A Veterinarian’s Take on Pet Insurance

Jenny Alonge, DVM

If you own a pet, you know they are expensive, and you may have considered buying pet insurance to mitigate the costs. Many pet insurance companies tout their product as the best way to care for your pet, but you may think their information is biased. After all, they profit if you purchase a policy. As a veterinarian, I want to offer my perspective on pet insurance and whether investing in a policy is right for you.

Pricey pets

When you welcome a new four-legged friend to your family, you undertake a big responsibility to care for them for the rest of their lives. This responsibility involves a hefty price tag. The total annual cost for owning a dog is $380 to $1,170, and the total annual cost for owning a cat is $430 to $870. Considering the average dog lives 10 to 12 years and the average cat lives 10 to 14 years, the expense of owning a pet can put quite a dent in your pocketbook. And these totals don’t consider injuries and illnesses. When your pet experiences a veterinary emergency, the cost of their medical expenses can skyrocket, leaving you struggling to pay the bill. In addition, these incidents can lead to long-term problems for your pet, meaning long-term expenses for you. 

Another factor to consider is that certain breeds are at higher risk for developing problems. For instance, German shepherds are at increased risk for hip dysplasia, while brachycephalic breeds, such as pugs and bulldogs, are at higher risk for developing breathing problems and dental abnormalities. The American Veterinary Medical Association (AVMA) found that 85% of dog owners and 76% of cat owners consider their pets to be family, which means most pet owners feel they must find a way to ensure their pets get the care they need. Pet insurance is one way to minimize the overall cost of pet ownership.

Pet insurance plans

Every company offers different types of policies, but most offer similar plans:

The ability to provide better pet care

Pets need preventive care, such as vaccines, wellness checks, parasite prevention, and dental cleanings, to maintain optimal health and quality of life. However, these procedures aren’t cheap. Yearly vaccinations cost about $100, and annual wellness exams are about $55 to $100, depending on whether routine blood work is performed. Testing for parasites is about $60 to $100, and professional dental cleanings run about $500 to $1,000. When pet owners have a plan that reimburses them for these procedures, they are more willing to provide the necessary care for their pets. This makes veterinarians happy because we know our patients will get the preventive care they need to hopefully avoid serious medical conditions in the future.

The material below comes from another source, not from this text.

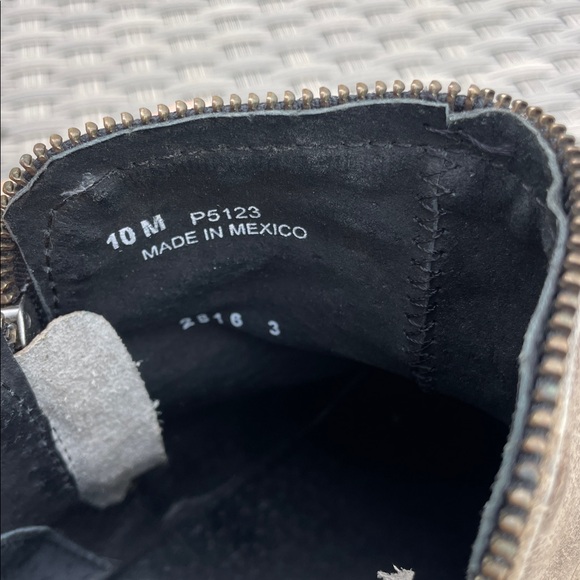 Grey fringe Corral Boots - Picture 6 of 7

The ability to provide appropriate diagnostics

When a pet is injured or ill, certain tests and procedures are helpful to diagnose the problem correctly. Veterinarians aren’t psychic, and we need appropriate diagnostics, such as blood work, urinalysis, and imaging procedures, to know what is causing a problem for your pet. However, when finances are a concern, corners are sometimes cut so the owner can afford treatment. When diagnostics are bypassed, this can lead to treating the wrong condition, which could jeopardize a pet’s health. When an owner has pet insurance, the diagnostics that need to be run are performed without the need to compromise. That helps veterinarians because we can be more confident in our diagnosis, which allows us to create the right treatment plan for our patients. This scenario is ideal for the veterinarian, pet owner, and pet.

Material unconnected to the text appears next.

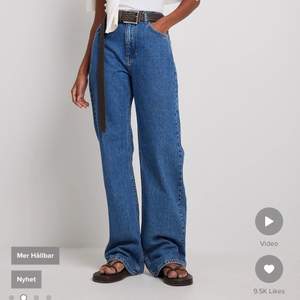 Säljer nu dessa jeans då de inte kommer till användning. Passar någon som är runt 170 lång, även kortare. Jeansen är i bra skick!🦋 har även ett par i en ljus blå färg också om någon är intresserad, hör av er isf!😊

Preventing economic euthanasia

One of the saddest situations a veterinarian faces is having to euthanize a pet because the owner can’t afford the treatment they need. As much as we would like, we can’t pay for every pet who is facing a life-threatening condition. This is the pet owner’s responsibility, and in cases where the discussion turns to finances, we can only do so much to mitigate the circumstances. Emergency treatments can be extremely expensive, and if the owner doesn’t have the money to cover the costs, sometimes euthanasia is the only option to prevent the pet from suffering. Having to euthanize a pet who can be saved with the appropriate procedure is devastating for a veterinarian. The rate of suicide in the veterinary profession is about four times the rate in the general population, and these unfortunate situations are a large contributor to the problem. When a pet owner has pet insurance, these situations can be prevented because the necessary treatment is covered by the insurance. This takes a huge burden off the veterinarian’s shoulders.

Many insurance companies provide policies for pets, and you may have to do some leg work to find the right plan. Purchasing a policy when your pet is young is ideal since no insurance plan covers pre-existing conditions. In addition, the older your pet is when you buy an insurance policy, the higher your premium will be. As a veterinarian, I want all my patients to receive the best possible care, and pet insurance is a great way to ensure that happens while avoiding difficult decisions during emergency situations.